スマート自治体への移行
 自治体は、憲法が定める「地方自治の本旨」を地方行政の現場で具現化する重要な役割を担っています。
 その自治体が、将来の人口減少社会にどう対応すべきかについて、政府の第32次地方制度調査会が来月から本格的に議論を始めます。特に、市町村の職員が従来の半分になっても必要な住民サービスを提供できるかが問われています。
 地域差の大きい地方行政を一律に見ることはできないため、調査会は、自治体の自主性が尊重されるよう、改革への多様な選択肢を用意すべきです。
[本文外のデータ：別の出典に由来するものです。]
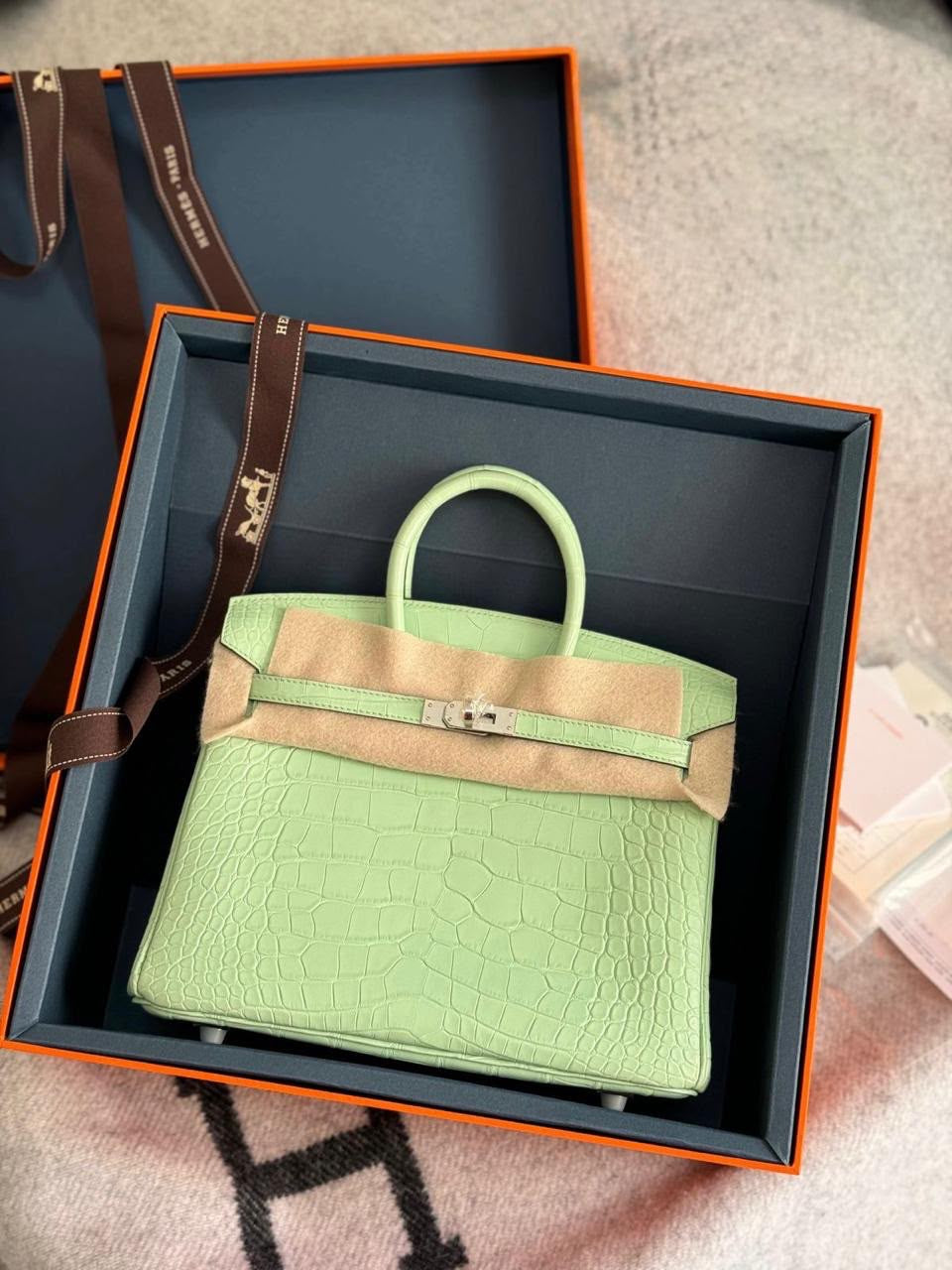 Hermès Birkin
Crocodile Leather🐊
Handmade Quality
With Original Box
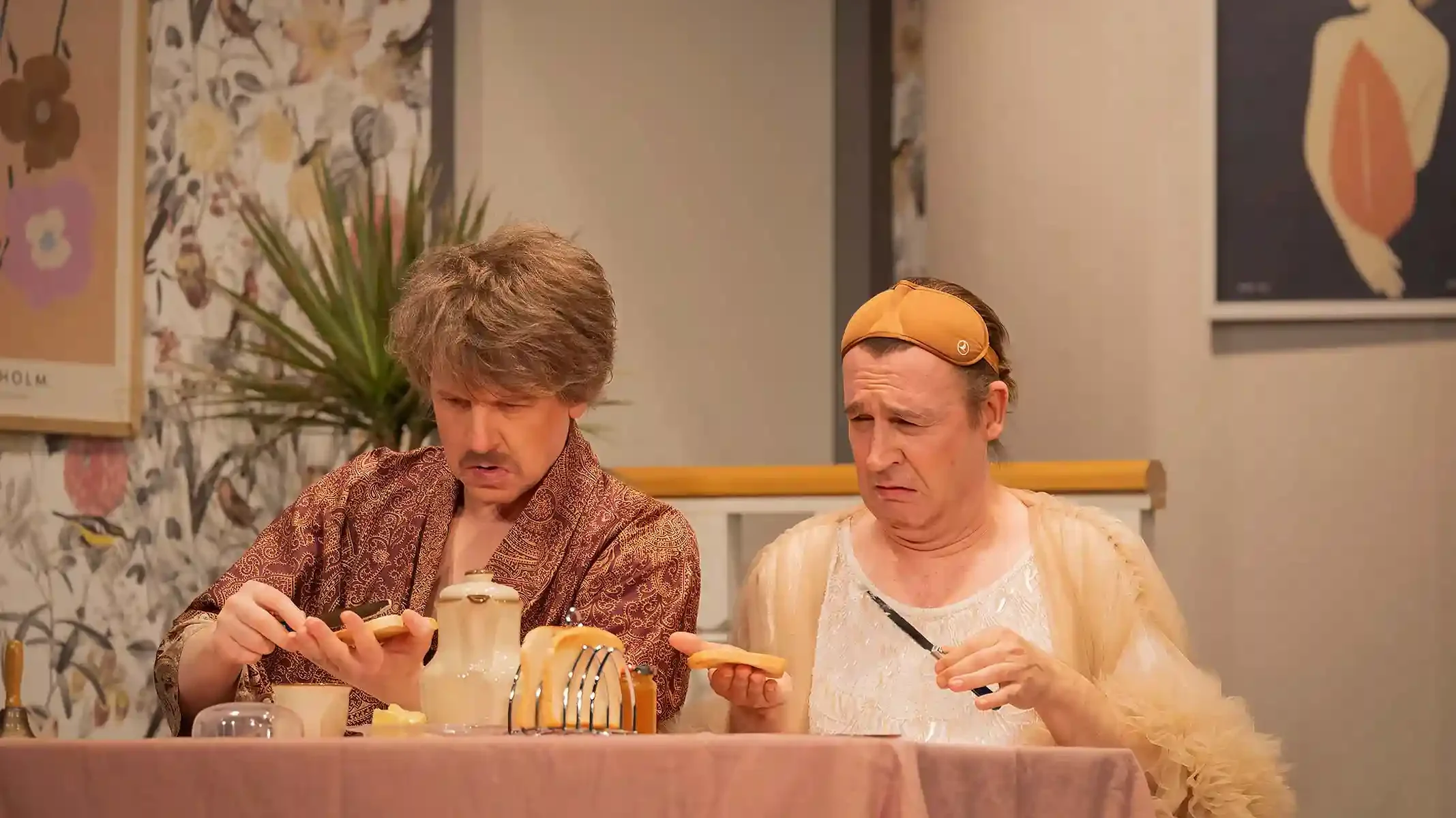 George und Albin beim Früstückstisch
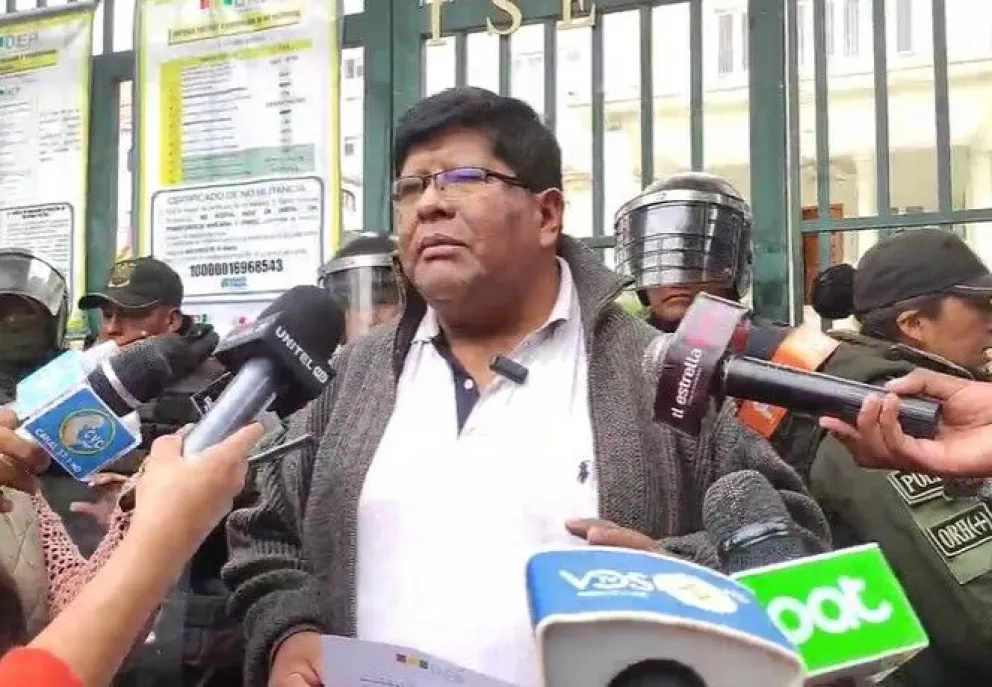 El candidato a la Alcaldía de El Alto por Unión por el Cambio (UPC), Eliser Roca, en puertas del TSE. Foto: Captura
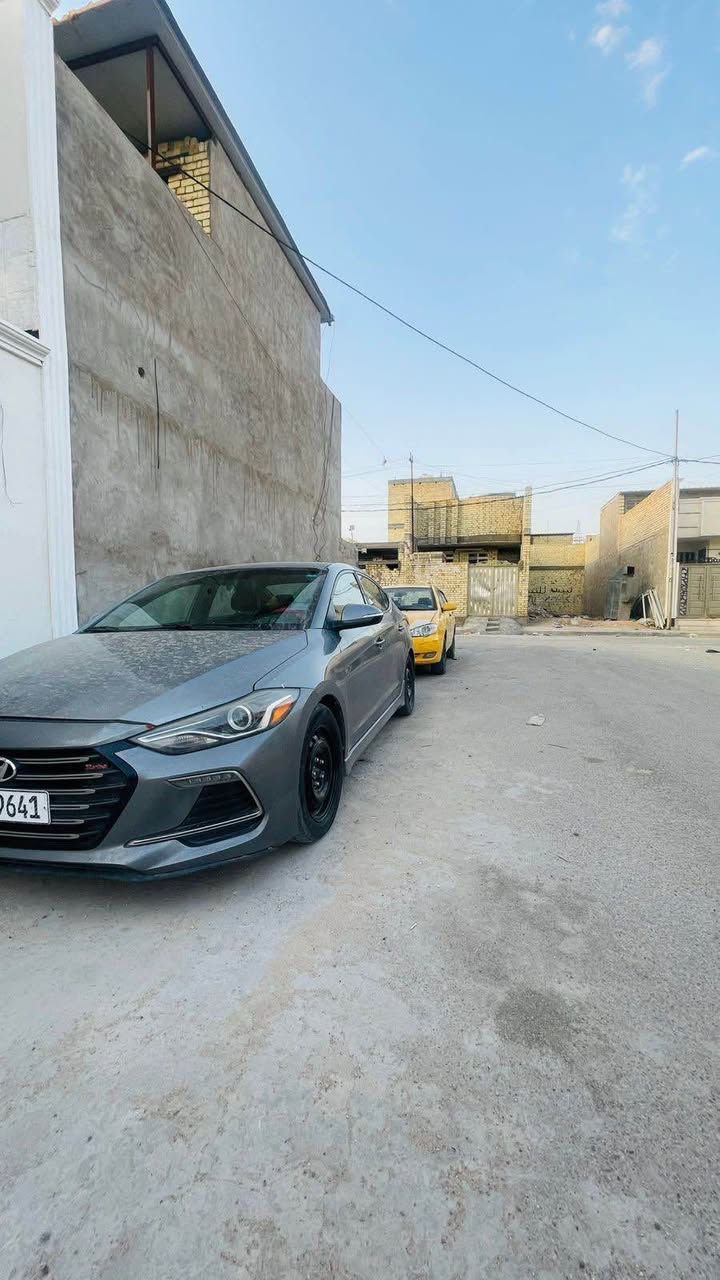 ٩:٢٥

السعر 95

السلام عليكم

Hyundai Elantra 2017 Super

مكينه 1600 سوبر تيربو 

سياره معوقين مختل عقلي ( تحويل وكاله فقط ) مده خمس سنوات خلصانه ما تتحول 
ب وكاله محد يكلك على عينك حاجب
وأي ضمان تريد موجود 

هزه جديده ٢٠٢٦ تنتهي ٢٠٣١

ماشيه: ١٢٥ ميل

المواصفات : 

شفتات استيرن

داخل كله اسود 

-شاشه كبيره

-كامره دواره

- بصمه

-كشنات جلد

- كشنات تدفئه

-كيجات دجتال

-خزن ميموري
と同時に、自治体も独自に将来像を探る議論をスタートさせる必要があります。
 1971〜74年まで毎年約200万人が生まれた団塊ジュニア世代が65歳以上になる2040年ころには、20歳代前半となる人の数は団塊ジュニア世代の半分程度と推計されています。その少ない労働力を民と官で分け合う時代がすぐそこまで来ているのです。
 自治体の将来像の一つとして、総務省の有識者会議「自治体戦略2040構想研究会」は、「スマート自治体への転換」「公共私によるくらしの維持」を7月の報告書で提起し、注目を集めています。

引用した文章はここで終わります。